■ Dataset extract ■
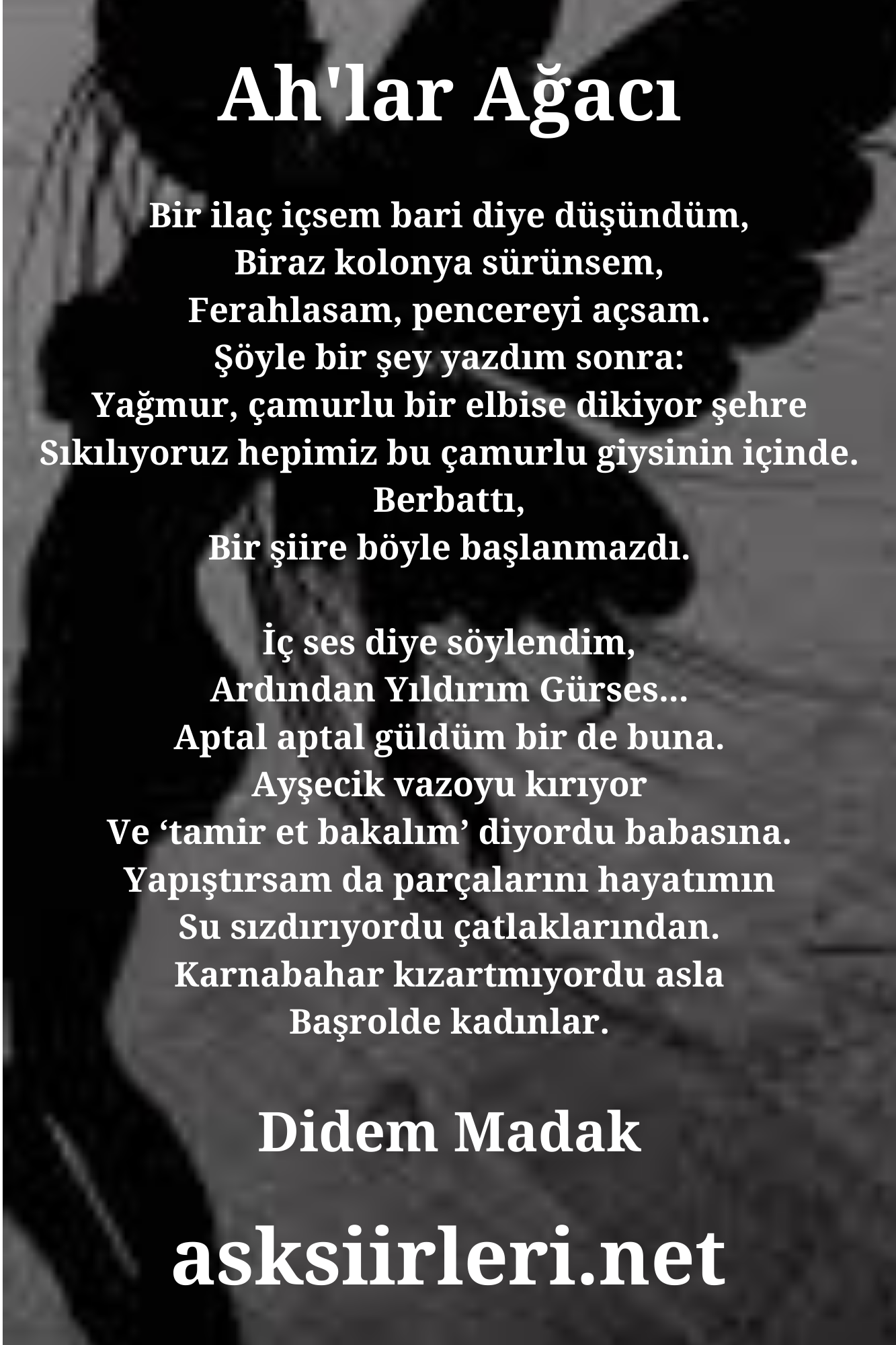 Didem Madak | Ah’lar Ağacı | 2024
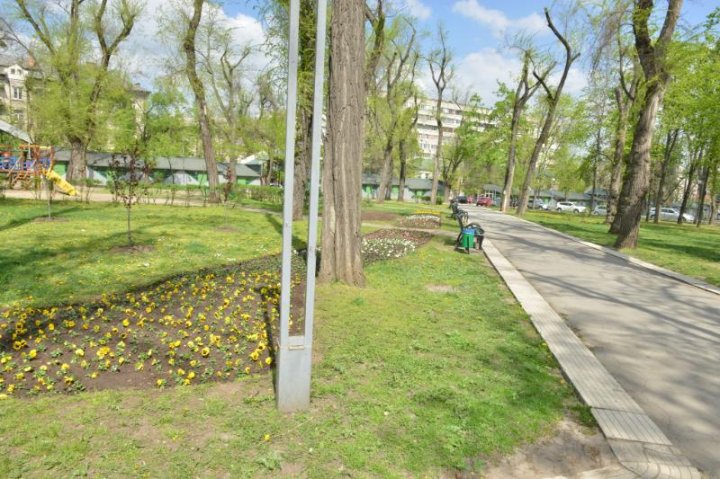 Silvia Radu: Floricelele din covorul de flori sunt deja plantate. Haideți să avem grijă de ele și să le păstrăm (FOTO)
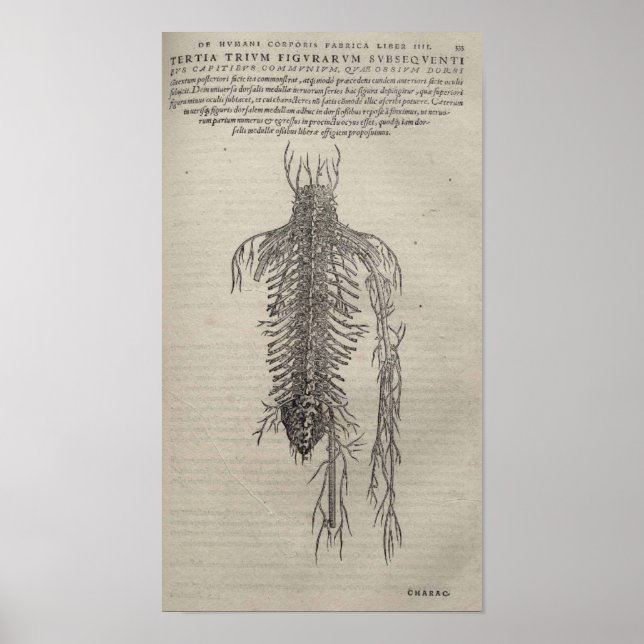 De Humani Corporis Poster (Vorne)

--

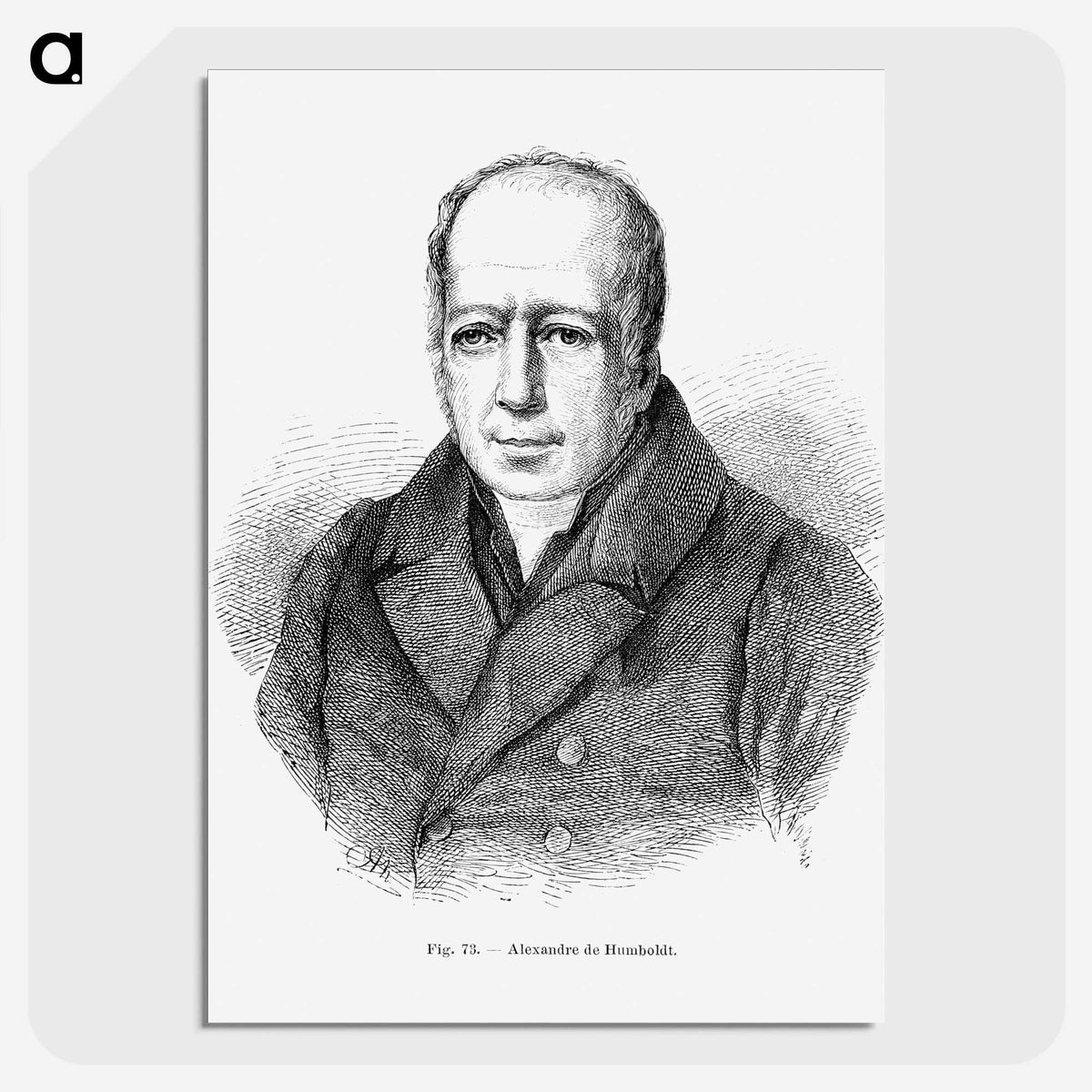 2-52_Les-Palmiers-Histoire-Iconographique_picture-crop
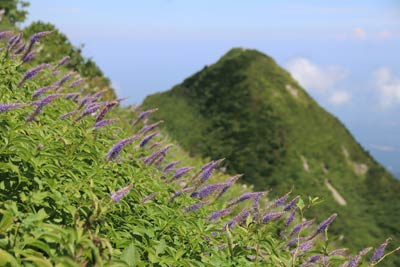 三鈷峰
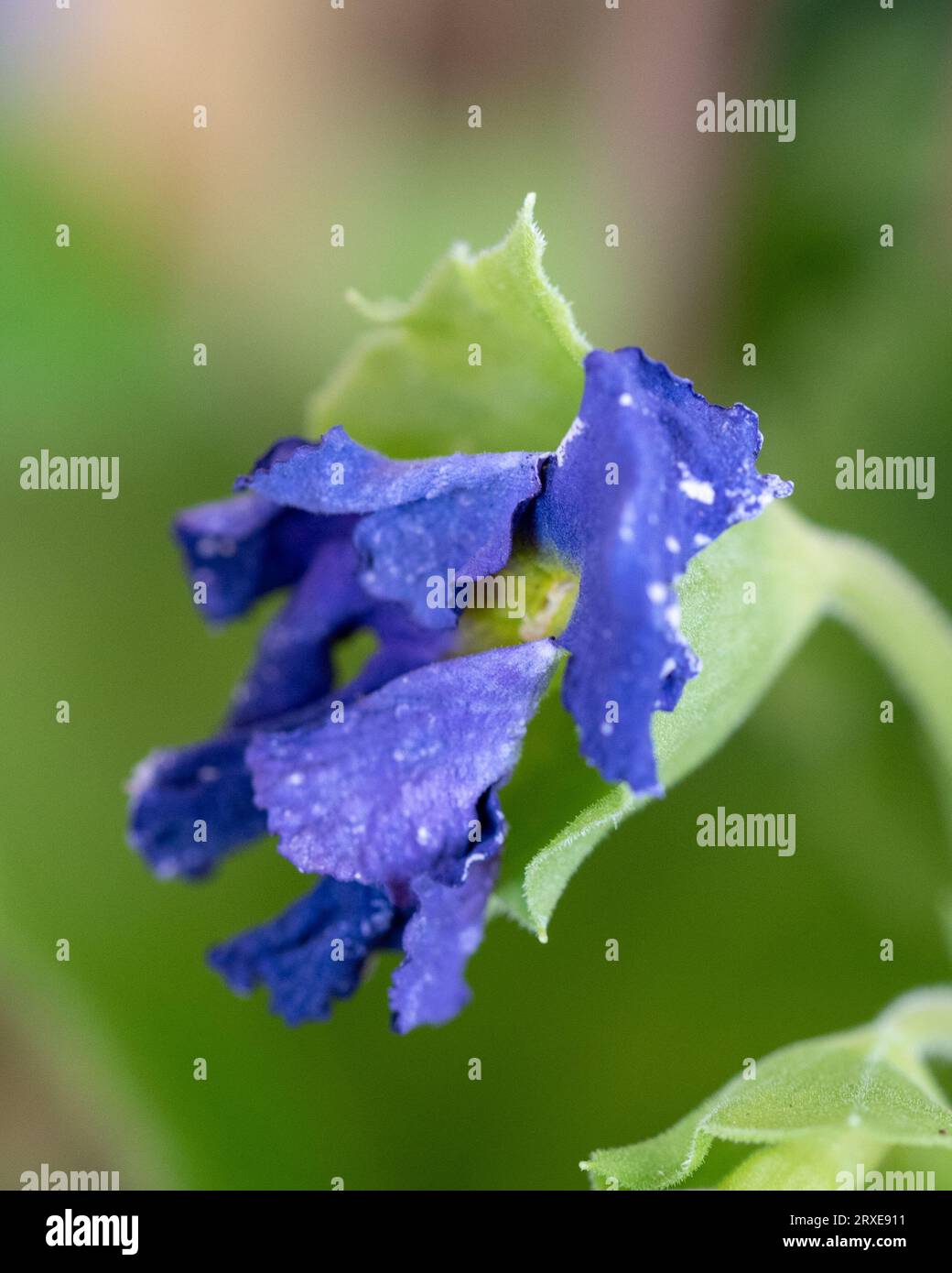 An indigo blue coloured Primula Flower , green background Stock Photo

■ Work to complete ■
Your answer should be the lines above, word for word, from the line with "Didem Madak | Ah’lar Ağacı | 2024" through the line with "De Humani Corporis Poster (Vorne)", minus the pictures.

■ Finished task ■
 Didem Madak | Ah’lar Ağacı | 2024
 Silvia Radu: Floricelele din covorul de flori sunt deja plantate. Haideți să avem grijă de ele și să le păstrăm (FOTO)
 De Humani Corporis Poster (Vorne)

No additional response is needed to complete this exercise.